• Data provided:
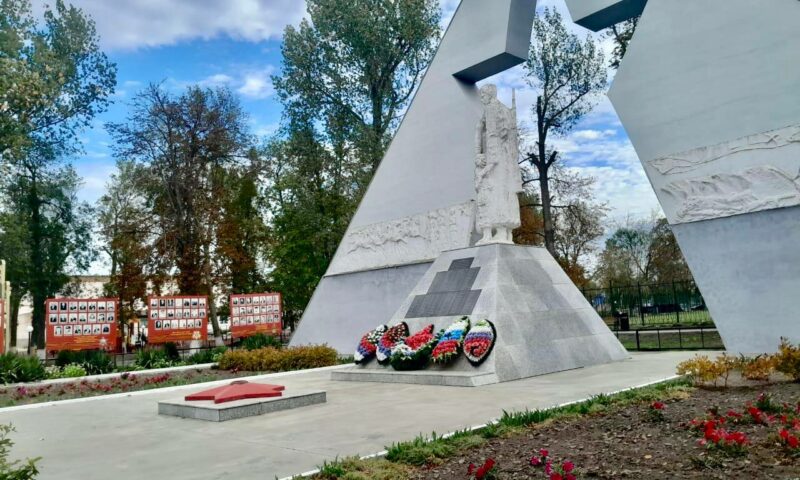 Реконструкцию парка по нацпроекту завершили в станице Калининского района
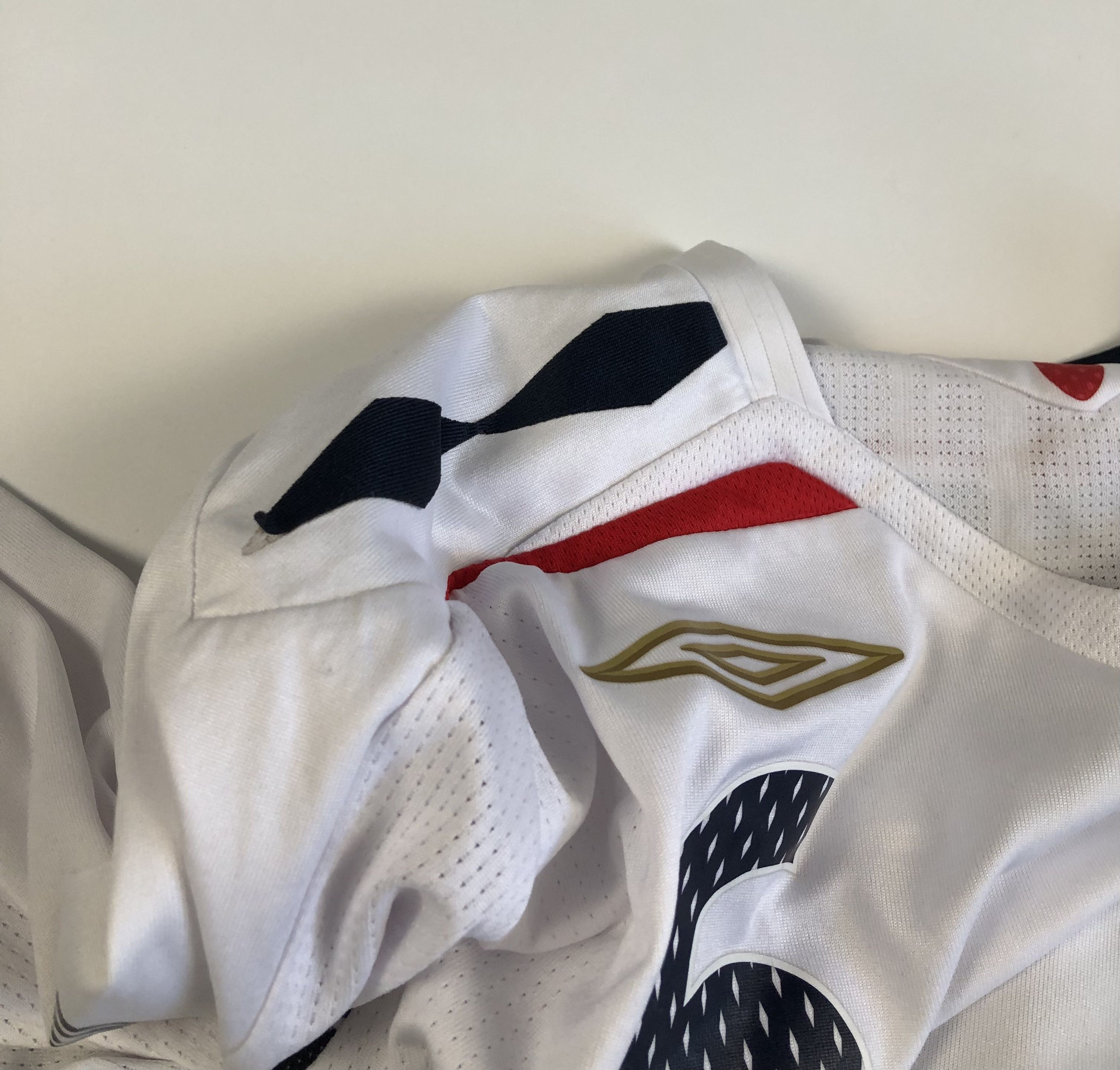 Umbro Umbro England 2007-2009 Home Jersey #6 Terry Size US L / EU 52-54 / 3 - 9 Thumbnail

...

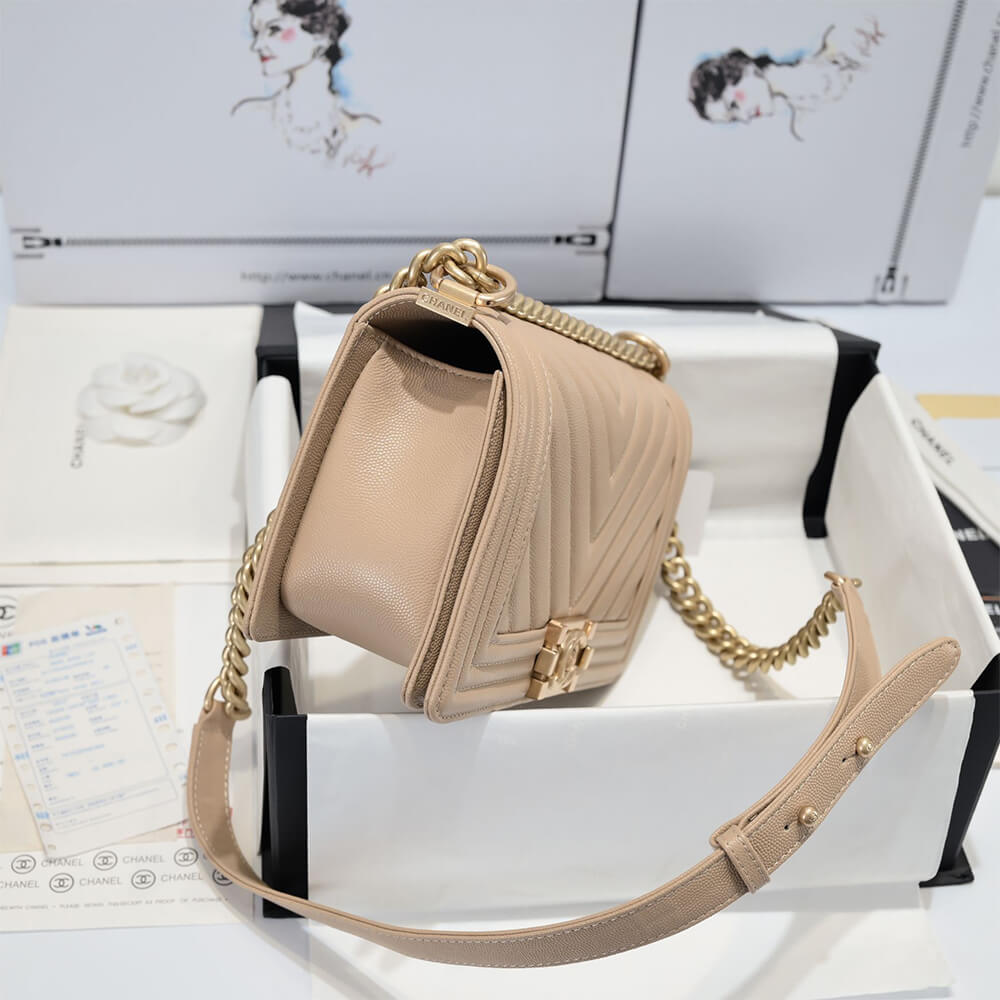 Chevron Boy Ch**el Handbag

• Task: Here the job is to copy the stretch of records from the line containing "Реконструкцию парка по" through the line containing "Umbro Umbro England", word for word. Leave every picture out.

• Response to the exercise:
 Реконструкцию парка по нацпроекту завершили в станице Калининского района
 Umbro Umbro England 2007-2009 Home Jersey #6 Terry Size US L / EU 52-54 / 3 - 9 Thumbnail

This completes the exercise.